Masi can play as a right back or centre-back. He is a former Italy U-20 international.

==Biography==

===Fiorentina===
Born in Frascati, the Province of Rome, Lazio, Masi started his career at Atletico 2000 of Rome. In 2005, he joined Tuscany club Fiorentina, at first on loan. He was the member of Allievi U16–17 team for Allievi National League.

Masi wore no.44 which vacated by Seculin (2008–09), no.48 (2009–10) and no.39 vacated by Keirrison (2010–11) in the first team and named in squad "List B" of 2008–09 and 2009–10 UEFA Champions League. Masi made his professional and European debut on 10 December 2008, replacing Riccardo Montolivo in the last minute. Before the match, Viola certainly finished as the third and the opponent Steaua as the fourth.

Masi injured in his knee (anterior cruciate ligament) in May 2010.

He was an overage player for the Primavera under-20 team in 2010–11 season. That season he played 15 times in the youth league group stage, shared the role with Andrea Bagnai. Moreover, Michele Camporese who promoted to the first team, occasionally played the big match for the youth team, squeezing the opportunity of other players including Masi. Masi finished as the runner-up of 2011 Torneo di Viareggio. He played the final as a substitute of Alessio Fatticcioni. In March, he won Coppa Italia Primavera. He played both legs of the finals as centre-back, partnered with Camporese. However, Masi did not play in the playoffs round in the youth league, to comply with overage quota (instead one of the quotas given to Andrea Seculin) and gave chance to younger players.

Masi also played once in 2010–11 Coppa Italia.

===Bari===
In July 2011 he left for Serie B club Bari in co-ownership deal for a peppercorn of €500. He made his Serie B debut in the first round, as a starting right-back. On 23 June 2012 he is purchased entirely by Bari.

===Lupa Roma===
On 15 January 2015 he was signed by Lupa Roma.

==International career==
Masi capped for Azzurrini since under-16 level. He received his first call-up to 2005 Torneo Giovanile di Natale In December. Masi also selected to Lazio region U15 representative team in 2005.
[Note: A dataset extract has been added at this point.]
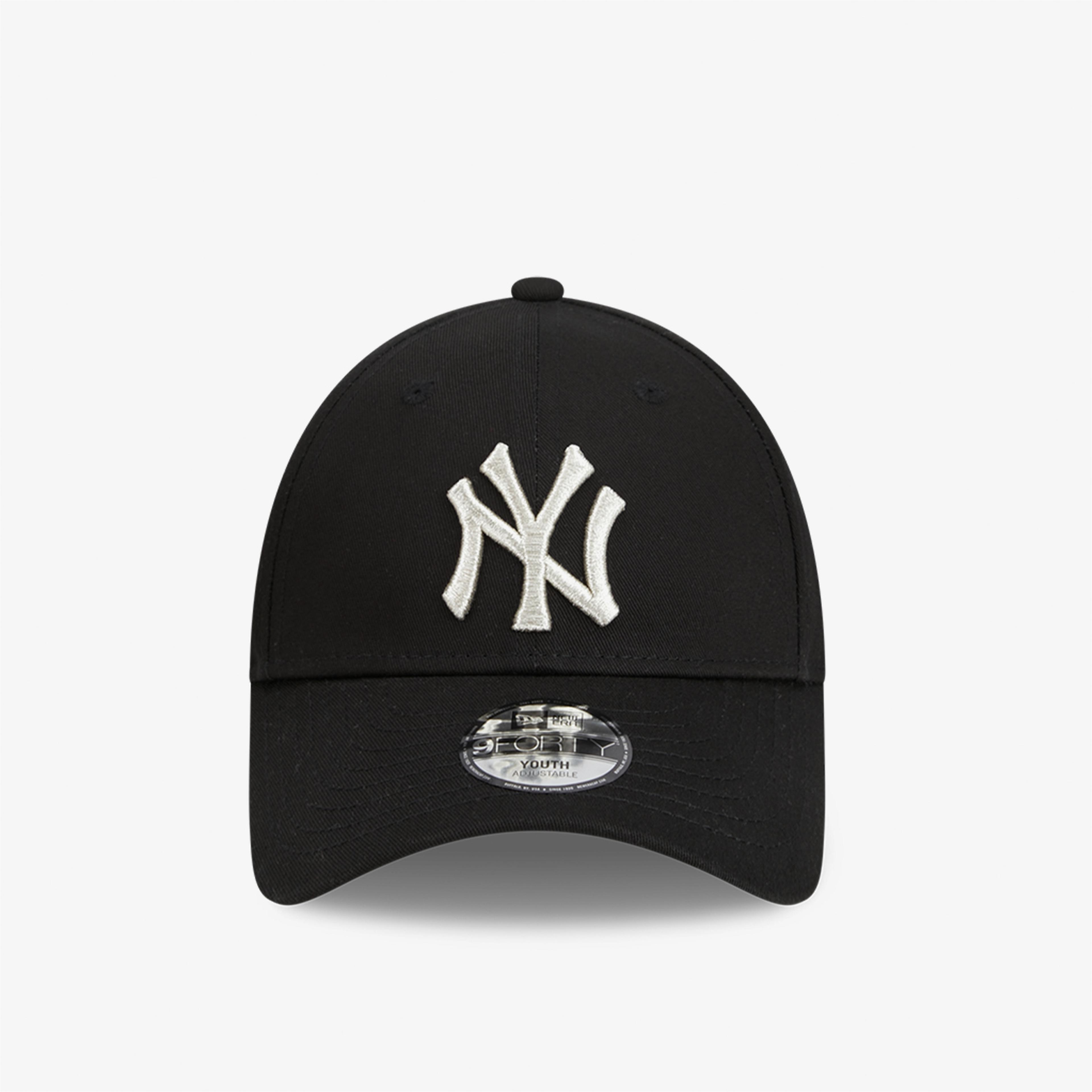 New Era Metallic 9Forty Neyyan Çocuk Siyah Şapka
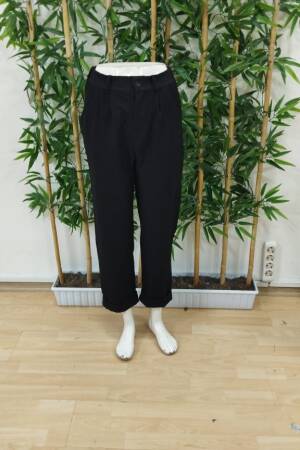 Women's High Waist Pocket Atlas Pants - Black - Janes - Globality Store - Women Clothes Wholesale Turkey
He finished as the runner-up of a youth tournament in Montaigu, Vendée, France. He only started once in 2007 UEFA European Under-17 Football Championship qualification. However, in the elite round he started all three games. The team was eliminated by Ukraine in the third game.

He received call-up to U-18 training camp in 2007.

Masi was promoted to U-20 team directly in August 2008, a feeder team of U21, for 2008–09 Four Nations Tournament. However, he did not enter the squad for 2009 UEFA European Under-19 Football Championship qualification in Moldova. He also received another U-20 call-up in December 2009 and again in May 2010, both for 2009–10 Four Nations Tournament. After the injury, he returned to the feeder team of U-21 in March 2011, for 2010–11 Four Nations Tournament, but again did not play.

In 2011–12 season, Masi was too old for U-20 team. Instead, he received a call-up from Italy under-21 Serie B representative team, winning Serbian First League selection. He also played the next match against Russian First League Selection .

Masi was part of Italy squad at 2013 and 2015 Summer Universiade (which he played the first and last match).